0

I was shocked to learn how little tutorials and guides there is to be found on the internet regarding parallel python (PP) and handling classes. I've ran into a problem where I want to initiate a couple of instances of the same class and after that retreive some variables (for instances reading 5 datafiles in parallel, and then retreive their data). Here's a simple piece of code to illustrate my problem:

import pp

class TestClass:
    def __init__(self, i):
        self.i = i

    def doSomething(self):
        print "\nI'm being executed!, i = "+str(self.i)
        self.j = 2*self.i
        print "self.j is supposed to be "+str(self.j)
        return self.i

class parallelClass:
    def __init__(self):
        job_server = pp.Server()
        job_list = []
        self.instances = [] # for storage of the class objects
        for i in xrange(3):
            TC = TestClass(i) # initiate a new instance of the TestClass
            self.instances.append(TC) # store the instance
            job_list.append(job_server.submit(TC.doSomething, (), ())) # add some jobs to the job_list
        results = [job() for job in job_list] # execute order 66...

        print "\nIf all went well there's a nice bunch of objects in here:"
        print self.instances
        print "\nAccessing an object's i works ok, but accessing j does not"
        print "i = "+str(self.instances[2].i)
        print "j = "+str(self.instances[2].j)
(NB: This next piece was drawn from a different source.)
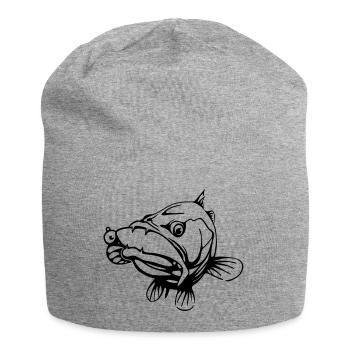 Zander - Jersey-Beanie - Grau meliert - Vorne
if __name__ == '__main__' :
    parallelClass() # initiate the program

I've added comments for your convenience. What am I doing wrong here?

MPA
  • 1,878
  • 2
  • 26
  • 51
  • What's going wrong? What is the expected output of your program and what are you getting instead? By the way: why are you using a class `__init__` when you actually wanted something like a `main` function. I'd never expect that creating an instance of a class will block my entire program. – Bakuriu Feb 10 '13 at 19:21
  • @Bakuriu I'd expect the program to print the value of `j` of one instance. I get an `AttributeError: TestClass instance has no attribute 'j'` instead. Don't worry about `__init__`, this code is just a simplified representation of my actual program. – MPA Feb 10 '13 at 19:37
  • I believe the problem is that the code is executed on different objects. Parallel python simple pickles the objects and sends them to the subprocesses, so you modifies the local state of the objects, which does not affect the original instances. You could check this printing the `id` of the `self` into `doSomething` and the `id` of the elements in `instances`. – Bakuriu Feb 10 '13 at 19:40
  • @Bakuriu you are absolutely right, the instances do not match. Do you have any idea on how to avoid/fix this? – MPA Feb 10 '13 at 19:46
  • parallel python does not provide automatic syncronization between objects, which means you can only communicate via the results of the function. The results of `doSomething` should provide all the information you needed. – Bakuriu Feb 10 '13 at 19:49

1 Answers1

1

You should use callbacks

A callbacks is a function that you pass to the submit call. That function will be called with the result of the job as argument (have a look at the API for more arcane usage).

In your case

Set up a callback:

class TestClass:
    def doSomething(self):
         j = 2 * self.i
         return j # It's REQUIRED that you return j here.

    def set_j(self, j):
        self.j = j

Add the callback to the job submit call

 class parallellClass:
      def __init__(self):
          #your code...
          job_list.append(job_server.submit(TC.doSomething, callback=TC.set_j))

And you're done.

I made some improvements to the code to avoid using self.j in the doSomething call, and only use a local jvariable.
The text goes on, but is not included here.